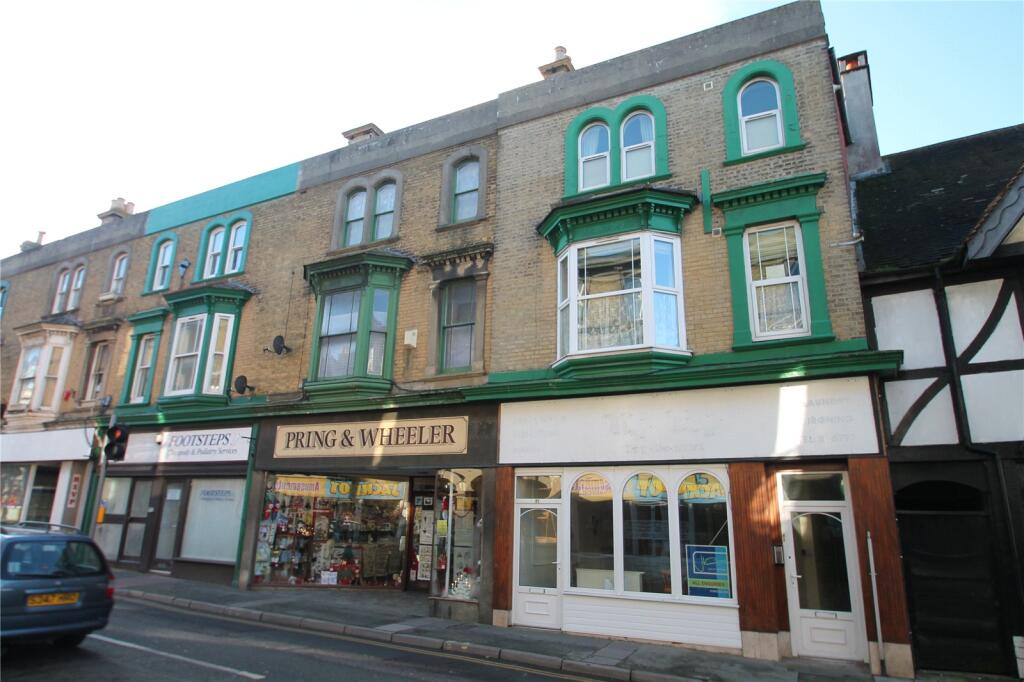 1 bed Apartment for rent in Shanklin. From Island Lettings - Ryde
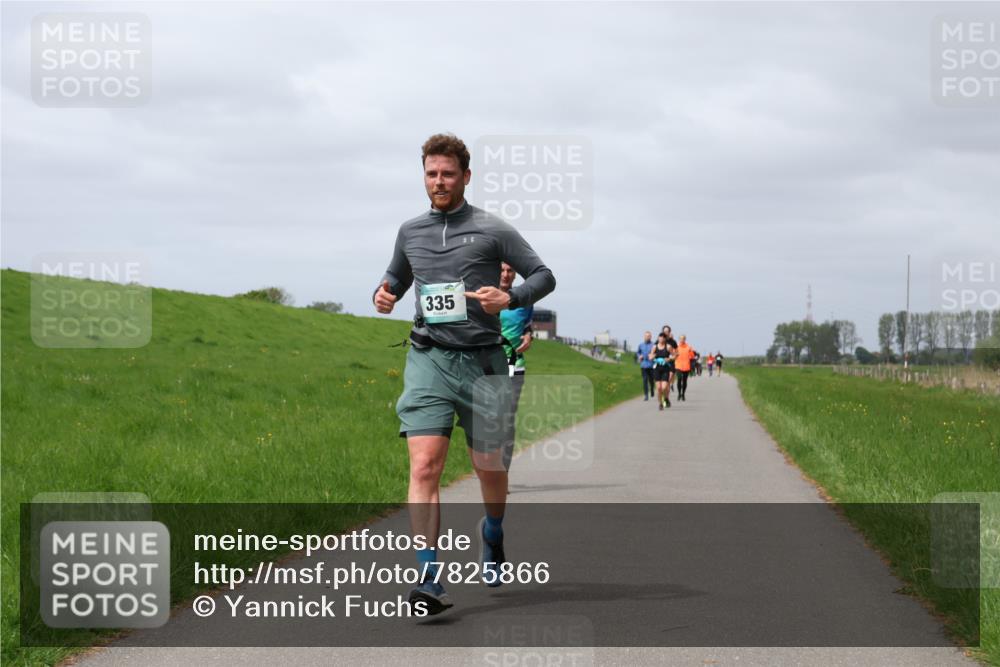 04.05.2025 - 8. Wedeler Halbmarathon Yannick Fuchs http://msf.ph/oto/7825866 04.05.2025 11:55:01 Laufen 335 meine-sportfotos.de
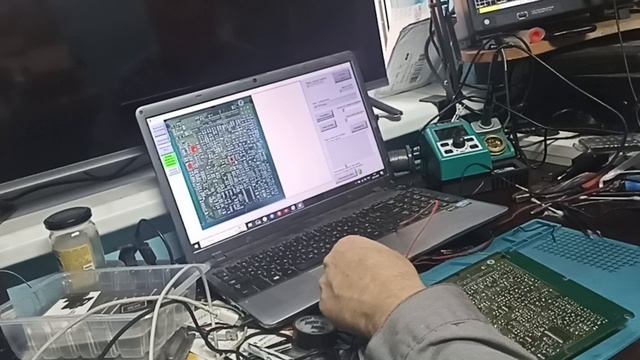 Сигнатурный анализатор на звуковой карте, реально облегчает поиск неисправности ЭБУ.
---
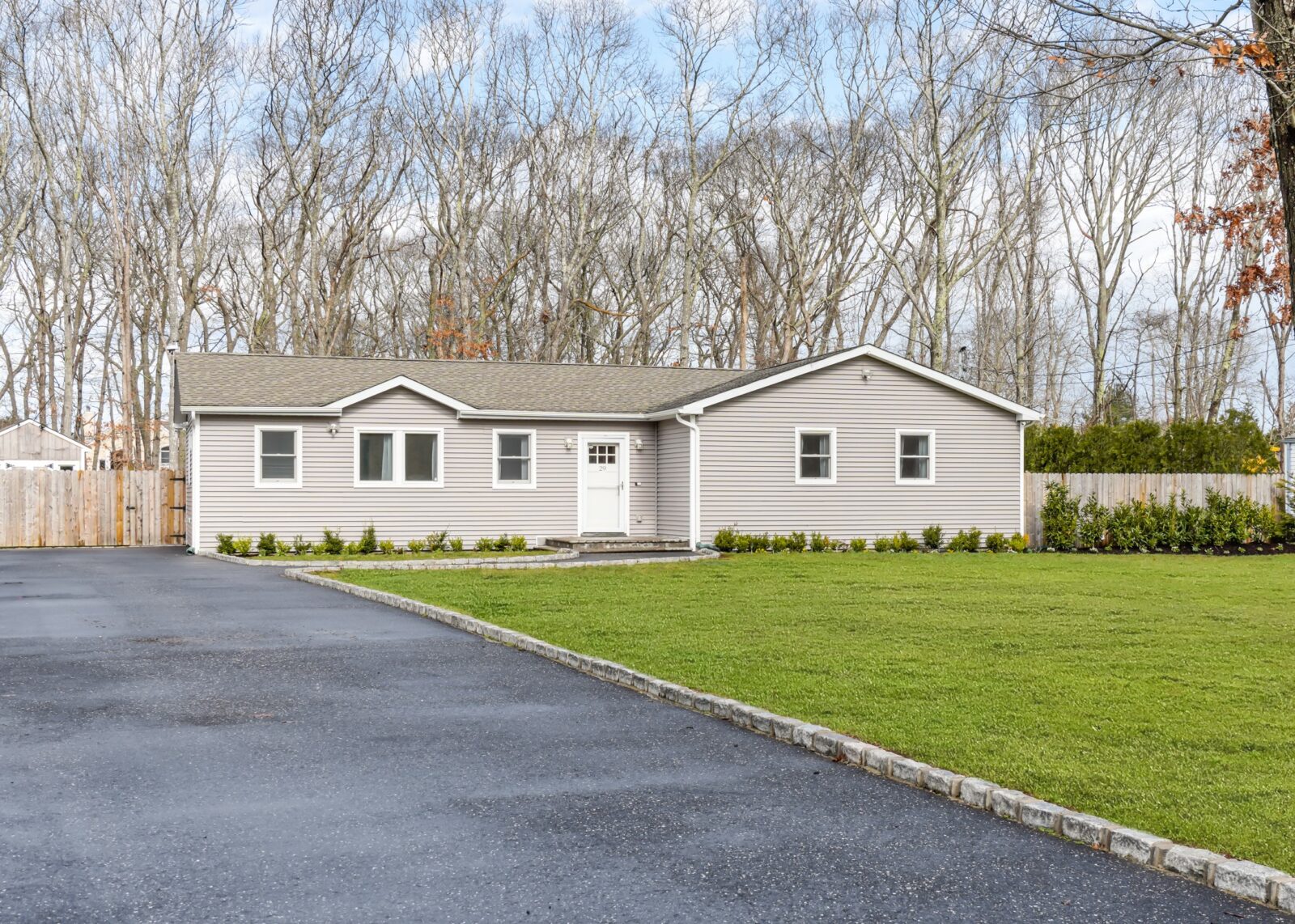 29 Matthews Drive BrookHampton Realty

**ABOUT THIS TASK:**
Nothing but the lines above from the line with "1 bed Apartment" up to and including the line with "Сигнатурный анализатор на" should be returned, exactly as written and without pictures.

**WRITTEN REPLY:**
 1 bed Apartment for rent in Shanklin. From Island Lettings - Ryde
 04.05.2025 - 8. Wedeler Halbmarathon Yannick Fuchs http://msf.ph/oto/7825866 04.05.2025 11:55:01 Laufen 335 meine-sportfotos.de
 Сигнатурный анализатор на звуковой карте, реально облегчает поиск неисправности ЭБУ.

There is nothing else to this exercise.